Directions for this task
Determine how many lines in the entries below hold "para". Respond with that number only.

- - - - -

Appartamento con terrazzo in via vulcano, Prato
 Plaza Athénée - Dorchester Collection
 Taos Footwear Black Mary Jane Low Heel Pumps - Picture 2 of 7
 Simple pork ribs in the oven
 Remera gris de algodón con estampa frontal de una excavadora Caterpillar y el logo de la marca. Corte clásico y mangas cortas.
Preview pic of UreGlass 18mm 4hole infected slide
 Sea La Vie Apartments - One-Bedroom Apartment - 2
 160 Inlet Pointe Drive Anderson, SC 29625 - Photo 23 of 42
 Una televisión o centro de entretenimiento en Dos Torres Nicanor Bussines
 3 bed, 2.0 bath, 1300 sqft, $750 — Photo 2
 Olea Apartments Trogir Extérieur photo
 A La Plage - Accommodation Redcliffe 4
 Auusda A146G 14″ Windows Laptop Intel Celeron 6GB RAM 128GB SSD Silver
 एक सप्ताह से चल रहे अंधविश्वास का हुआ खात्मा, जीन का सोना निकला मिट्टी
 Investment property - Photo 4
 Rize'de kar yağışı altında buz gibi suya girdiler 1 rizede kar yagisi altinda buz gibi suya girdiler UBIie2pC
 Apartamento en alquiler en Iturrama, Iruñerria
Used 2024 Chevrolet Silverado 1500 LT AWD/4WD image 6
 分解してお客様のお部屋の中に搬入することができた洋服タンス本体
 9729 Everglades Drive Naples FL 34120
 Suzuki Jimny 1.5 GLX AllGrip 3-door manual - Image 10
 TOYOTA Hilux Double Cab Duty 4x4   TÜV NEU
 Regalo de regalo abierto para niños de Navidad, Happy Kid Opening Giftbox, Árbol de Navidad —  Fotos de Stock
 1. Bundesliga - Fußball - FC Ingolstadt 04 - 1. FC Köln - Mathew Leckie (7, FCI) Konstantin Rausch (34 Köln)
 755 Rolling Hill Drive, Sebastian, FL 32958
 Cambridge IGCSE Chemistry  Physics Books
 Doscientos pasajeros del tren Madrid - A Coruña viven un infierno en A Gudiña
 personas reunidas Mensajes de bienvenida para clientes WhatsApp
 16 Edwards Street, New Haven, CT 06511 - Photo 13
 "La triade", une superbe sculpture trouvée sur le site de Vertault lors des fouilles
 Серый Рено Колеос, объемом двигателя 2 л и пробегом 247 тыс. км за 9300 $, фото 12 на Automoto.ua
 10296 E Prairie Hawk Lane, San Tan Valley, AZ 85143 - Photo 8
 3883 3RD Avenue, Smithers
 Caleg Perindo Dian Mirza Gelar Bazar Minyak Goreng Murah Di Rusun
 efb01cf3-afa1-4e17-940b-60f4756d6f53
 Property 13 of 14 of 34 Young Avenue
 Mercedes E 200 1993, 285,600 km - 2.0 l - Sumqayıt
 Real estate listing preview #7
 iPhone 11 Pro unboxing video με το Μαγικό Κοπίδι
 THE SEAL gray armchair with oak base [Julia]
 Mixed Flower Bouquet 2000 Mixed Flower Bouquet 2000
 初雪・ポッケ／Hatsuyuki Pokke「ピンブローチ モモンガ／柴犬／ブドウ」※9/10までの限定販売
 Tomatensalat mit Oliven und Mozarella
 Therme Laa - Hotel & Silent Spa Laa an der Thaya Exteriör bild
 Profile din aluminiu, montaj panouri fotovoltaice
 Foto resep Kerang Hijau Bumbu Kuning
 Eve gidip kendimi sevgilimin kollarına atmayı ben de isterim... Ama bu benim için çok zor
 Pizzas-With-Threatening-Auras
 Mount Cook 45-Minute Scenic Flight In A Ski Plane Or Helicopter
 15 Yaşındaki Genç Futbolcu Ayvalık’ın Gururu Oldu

- - - - -

Solution to the problem
2